Would you return every entry below exactly as written, without its images?
------------
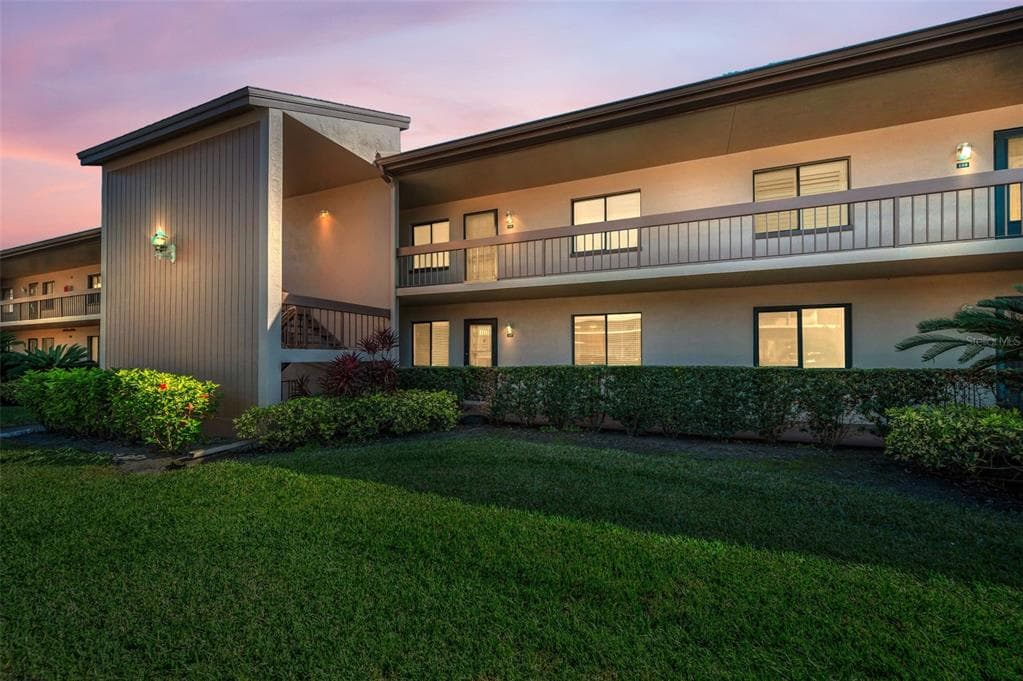 107 MARY DRIVE UNIT 107 OLDSMAR, FL 34677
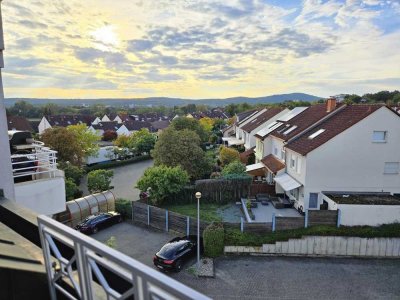 Helle 4-Zimmer-Wohnung mit Westbalkon und Blick in den Taunus – direkt am Marktplatz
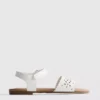 Sandaler med blommönster i laserskuren design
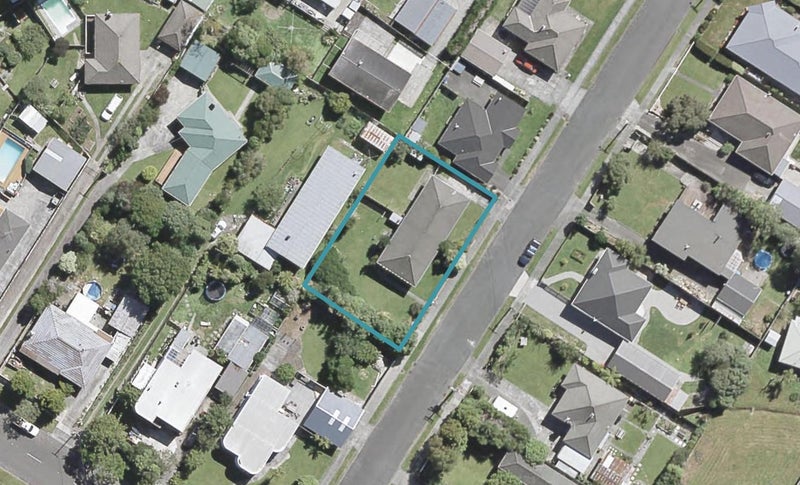 3 Maru Street, Stokes Valley, Lower Hutt - Carousel 1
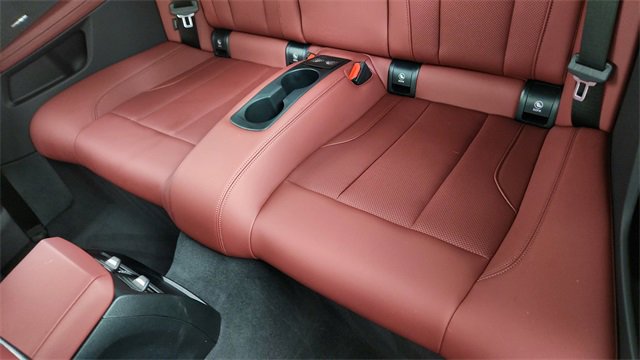 Used 2026 BMW M440i Convertible image 33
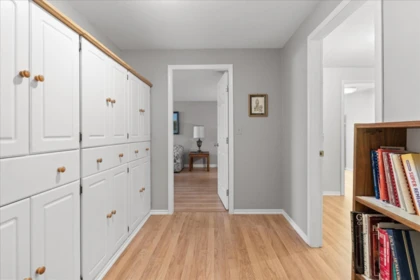 Hallway Photo of 5 2475 Emerson Street, Abbotsford, BC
------------
• _RESULT_
 107 MARY DRIVE UNIT 107 OLDSMAR, FL 34677
 Helle 4-Zimmer-Wohnung mit Westbalkon und Blick in den Taunus – direkt am Marktplatz
 Sandaler med blommönster i laserskuren design
 3 Maru Street, Stokes Valley, Lower Hutt - Carousel 1
 Used 2026 BMW M440i Convertible image 33
 Hallway Photo of 5 2475 Emerson Street, Abbotsford, BC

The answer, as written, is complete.